PETSc runs slower on a shared memory machine than on a cluster

On 2/3/07, Shi Jin <jinzishuai at> wrote:
> Thank you
> I rebuilt MPICH-2 with --with-device=ch3:shm and
> --with-pm=gforker
> I did see a slight improvement in speed. However,
> compared with the cluster runs, the shared-memory
> performance is still not as good at all.
> So I think the problem is indeed in the memory
> subsystem as Satith said.

Shi, can you provide me some more info about all this?

- What kind of problem are you solving?
- Are you using MATMPIAIJ or MATMPIBAIJ?
- What do you use to partition your problem (ParMetis)?
- How many processes do you have in your run (-np option) ?
- When you run in your cluster, you launc 1 process in each CPU of
your node?
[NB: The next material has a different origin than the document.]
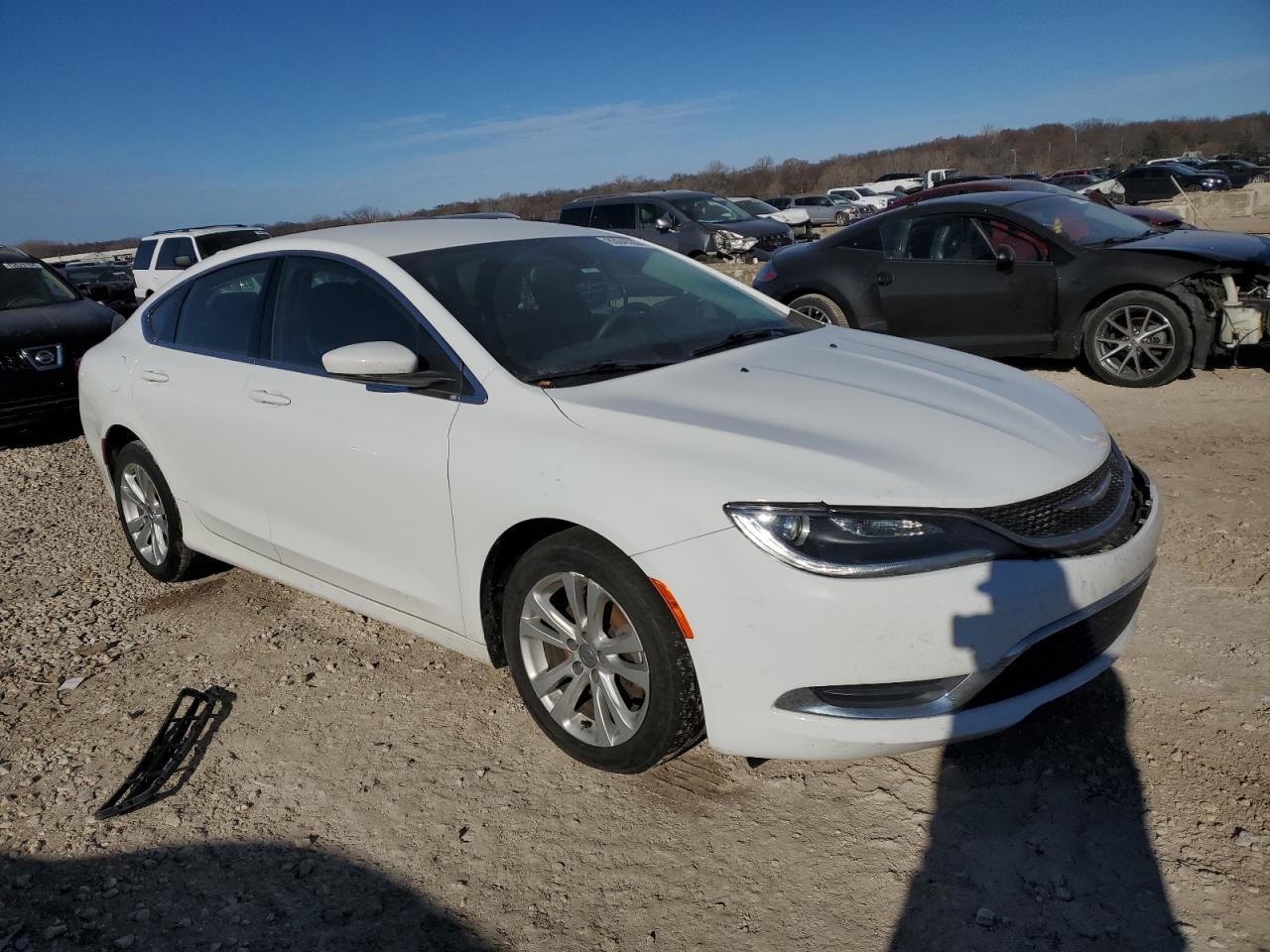 2016 Chrysler 200 - Image 4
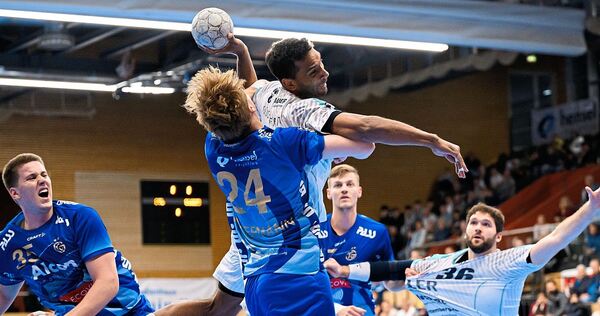 Ben Connar Battermann (vorne) hindert Bietigheims Djibril M’Bengue am Wurf.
I mean, do you have 4 processes runing in each node?
- What kind of network do you have in your cluster? GiE? or something better?

I ask all this regarding previous comments of Barry and Shatish. If
you have 4 processes running on each node, them surely communicate
each other using the loopback interface, and this will have a
bandwidth similar to your memory bandwidth, so in your case not all
communication will go through the wires...

Sorry for my English,

Lisandro Dalcín
Centro Internacional de Métodos Computacionales en Ingeniería (CIMEC)
Instituto de Desarrollo Tecnológico para la Industria Química (INTEC)
Consejo Nacional de Investigaciones Científicas y Técnicas (CONICET)
PTLC - Güemes 3450, (3000) Santa Fe, Argentina
Tel/Fax: +54-(0)342-451.1594